Simulation has been available in some form in medicine for at least four decades. Anesthetists were one of the early groups in medicine to recognize the advantages of this training methodology. They also have been very strong supporters of the group training for the whole procedure. In contrast, laparoscopic surgeons have attempted to use part task emulators and virtual reality simulators. The difference in approach between these two groups of physicians to solving the problem of training may have more to do with the resources available to them than what they would have preferred. Anesthetists pioneered the use of full body mannequins (or high-fidelity simulation) while laparoscopic surgeons required simulations of instrument tissue interactions in real time. This latter type of simulation required huge computer processing capacity, which until relatively recently was very expensive (even if it was available in the 1990s).
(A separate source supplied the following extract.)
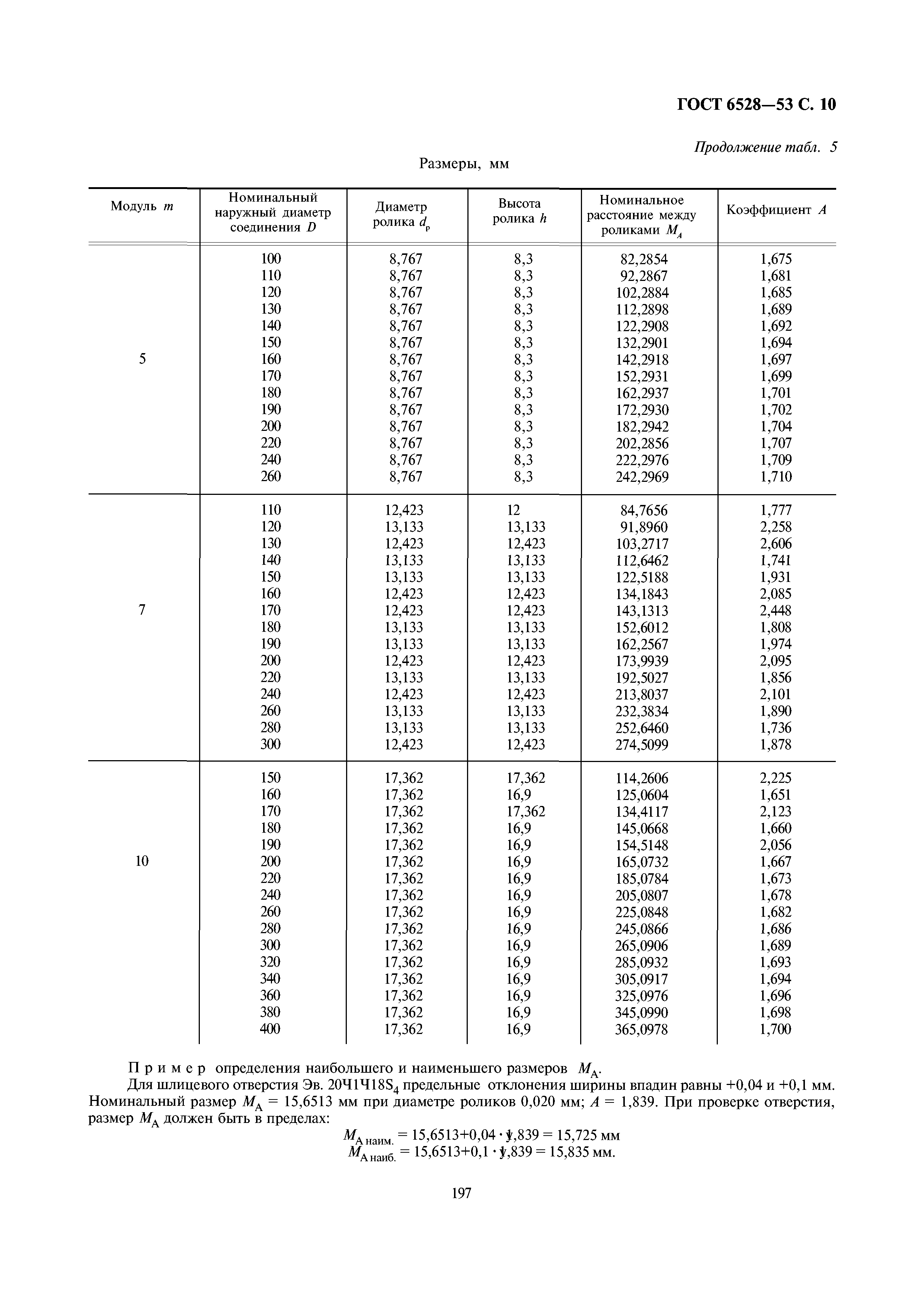 ГОСТ 6528-53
In the second decade of the twenty-first century, this is less of an issue and we have seen some surgical simulations move to a full procedure, e.g., laparoscopic cholecystectomy, produced by Simbionix. However, the issue of whole versus part training is not simply a matter of the types of simulations that are available, but more to do with training effectiveness and efficiency. We shall discuss this matter in more detail in Chaps. 8 and 10.

At this point, it is fair to say that research has shown that whole-task training is the preferred method if the task is simple and can be reasonably approximated by the simulation. However, if the task is dangerous or highly complex and can be easily divided into subtasks, part-task training is the better choice. Context-dependent methods are favored over context-independent methods for recall and recognition. If the acquired knowledge and skills must be selectively applied in a variety of situations, context independent presentation methods are recommended.

Summary

Skill acquisition for the practice of MIS has been an issue for trainee surgeons which has been repeatedly found to be associated with increased complication rates during the learning phase. A considerable volume of well-founded scientific knowledge currently exists about the anatomy and neuropsychology of skill acquisition structures and processes which academic surgery has yet to fully embrace. This knowledge should help drive the design and implementation of efficient and effective training programs. It should also inform the design of simulations that support and help to deliver skills training as part of the curriculum. One of the most important parts of that curriculum (no matter how or on what type of simulation platform it is delivered on) is feedback. This is a crucial aspect of an objective, effective and efficient learning process. It occurs as a natural consequence of our interaction with our environment. Unfortunately, we may miss the feedback or the delay between performance and feedback may be so large that the contiguous relationship that did in fact exist is lost, as is the opportunity for learning. Simulation affords the opportunity to the surgical trainer and trainee to augment feedback on performance and ensure that it is delivered to the trainee in a timely, salient and effective manner during training. This feedback is called metrics which we will deal with in detail in Chap. 5.